3. The Required DMA Topic Proposal

Successful Topic Proposals outline the final DMA document, presenting a cogent argument, demonstrating the project’s contribution to existing scholarship, identifying the evidence and methods that will be used to support the argument, and displaying the author’s competence with English prose style and organization. The sections required in all DMA Topic Proposals ensure that these goals are met; see below for detailed descriptions of each section. It is essential that the topic and the argument be clearly defined and that everything included in any section of the Topic Proposal be explicitly related to the topic. Since irrelevant evidence or methodology weakens a Topic Proposal, the following items should be omitted unless they pertain directly to the central argument of the project: excessive biographical information regarding composers, and summaries of music history during a given period.

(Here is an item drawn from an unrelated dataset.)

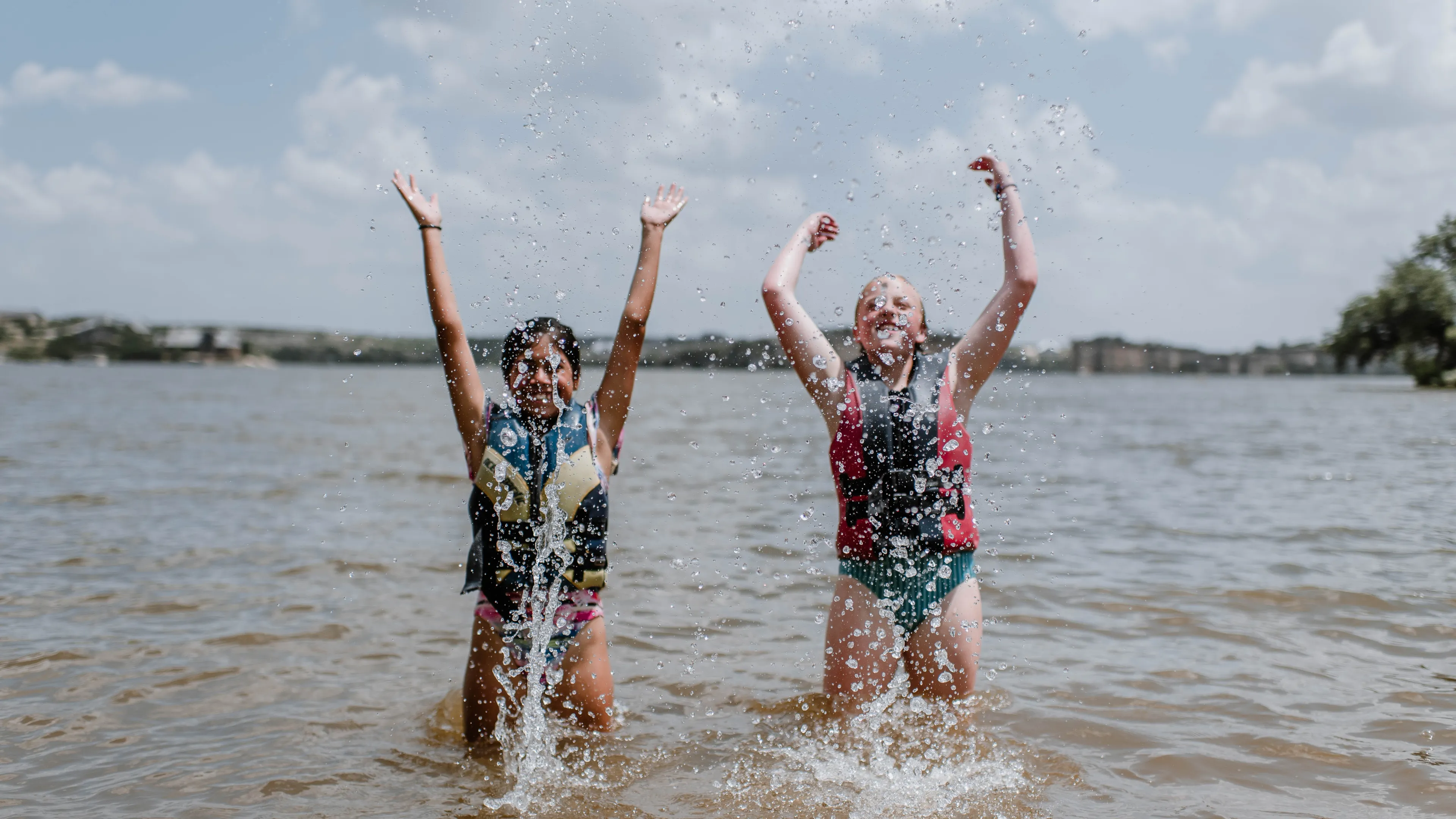 Camp Grady Spruce Lake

Since the intended reader of the Topic Proposal is a scholar or expert, avoid the style or content of program notes. Students planning to conduct interviews as part of their research must provide evidence of contact with each interviewee (such as email correspondence agreeing to the interview) as well as sample questions.

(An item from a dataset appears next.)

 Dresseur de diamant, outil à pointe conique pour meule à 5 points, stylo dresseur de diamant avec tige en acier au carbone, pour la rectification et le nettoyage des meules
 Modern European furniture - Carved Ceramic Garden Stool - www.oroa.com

4. Submitting a DMA Topic Proposal

Students should circulate their Topic Proposals multiple times to all members of their Advisory Committee before submission to the Graduate Performance Degree Committee. Topic Proposals are to be uploaded electronically via the College of Music Graduate Studies Organization, which is accessible on Canvas. The student must also electronically submit the Topic Proposal Submission Form to the Graduate Studies Office. Proposals and Topic Proposal Submission Forms are due by 12:00pm (noon) on the third Monday prior to the GPDC meeting during long semesters. The GPDC meets on the fourth Monday of the month during long semesters. The GPDC will not consider Topic Proposals during the summer. DMA students will be allowed three submissions of the Topic Proposal. If a student's proposal is not accepted by the GPDC the third time, the student will be required to begin an academic review process with the director of graduate studies, the major professor and the chair of the GPDC. The goal of this academic review is to create a course of action that will allow the student to successfully move forward in the process. The outcome of each academic review will be different; there is no prescribed path. (Note: the GPDC offers a Topic Proposal workshop every semester on how to successfully create a doctoral document topic proposal.) A topic proposal may be submitted before the qualifying examinations have been passed.

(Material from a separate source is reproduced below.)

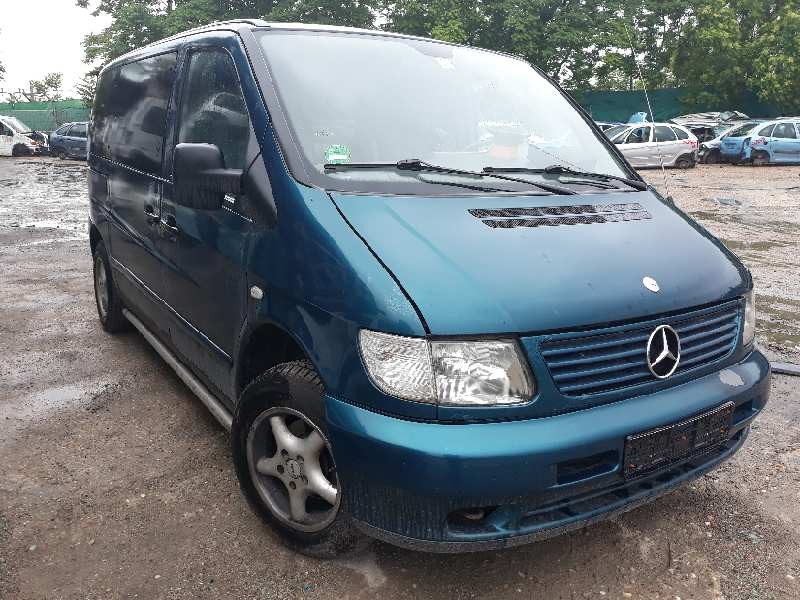 mercedes vito (w638) caja cerrada 112 cdi     (638.094)   |   01.99 - 12.03 | 1999 - 2003 | 122 cv / 90 kw del año 1999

5. Required Sections for all DMA Topic Proposals

The following six sections are required in all DMA Topic Proposals. Please review the examples available in the Graduate Studies Office which defines the sections required for the proposal. The sections on “Significance and State of Research” and “Purpose” may occasionally be reordered or combined, as long as the central goals of each section are met.

  1. Title Page: The title page should follow the correct form for documents submitted to the University of North Texas (see samples below in 7. Internal Resources). The title should describe the scope and methodology of the project in as few words as possible. Determine the key concepts and methods of the study before attempting to form a title (e.g. manuscript, analysis, statistical, survey, edition, etc) and include all committee member names on the title page.
  2. Purpose: The purpose is usually posed as a problem to be solved, an issue to be resolved, a question to be answered, or an anomaly to be explained. It should culminate in a statement of your argument, even if that argument is still provisional. The statement of purpose should be justified by the Significance and State of Research.
  3. Significance and State of Research: Significance and State of Research can be combined into a single section or separated into two sections. The Significance section must establish the context for the project and define the topic of the project.  Additionally, this section should also present any background information necessary for understanding the project. The State of Research section consists of a systematic literature review. This section is a common feature of all doctoral proposals and documents.  In order to argue convincingly that a given topic is significant, that a new approach is necessary, or that new evidence should be brought to bear, one must include a summary of previous research. The purpose of this section in both the Topic Proposal and doctoral document is to identify the salient literature on a given subject and to appraise it so as to justify the need for the current study. Research included should represent a variety of bibliographic formats, including (but not limited to): articles in journals and periodicals, scholarly books, scores, recordings, and editions both practical and scholarly. Under certain circumstances, articles in scholarly encyclopedias such the New Grove Dictionary of Music and Musicians could also be included.  Do not claim that nothing has been written about a given topic. Even if a particular musical work or problem has largely escaped scholarly attention, the methods and findings of scholarship addressing related works or problems are relevant to the inquiry and should be addressed in this section.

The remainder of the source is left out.